▶ **Your instructions**: Look below for the line containing "Thermo Fisher Scientific"; from there through the line containing "Cinzia Oscar Nun", both lines included, please set down each line exactly and nothing else.

▶ **Given entries**:

□ □ □ □ □

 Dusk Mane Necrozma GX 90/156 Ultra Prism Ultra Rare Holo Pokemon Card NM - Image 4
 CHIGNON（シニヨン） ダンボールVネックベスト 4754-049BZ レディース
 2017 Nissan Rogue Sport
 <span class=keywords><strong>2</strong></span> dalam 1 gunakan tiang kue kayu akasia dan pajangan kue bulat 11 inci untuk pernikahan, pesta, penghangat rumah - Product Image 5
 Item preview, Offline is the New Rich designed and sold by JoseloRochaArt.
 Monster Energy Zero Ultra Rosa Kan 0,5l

□ □ □ □ □

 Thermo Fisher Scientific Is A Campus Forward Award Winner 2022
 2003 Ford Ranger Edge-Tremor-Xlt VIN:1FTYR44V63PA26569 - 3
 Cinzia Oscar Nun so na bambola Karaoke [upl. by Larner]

□ □ □ □ □

▶ **Finished exercise**:
 Thermo Fisher Scientific Is A Campus Forward Award Winner 2022
 2003 Ford Ranger Edge-Tremor-Xlt VIN:1FTYR44V63PA26569 - 3
 Cinzia Oscar Nun so na bambola Karaoke [upl. by Larner]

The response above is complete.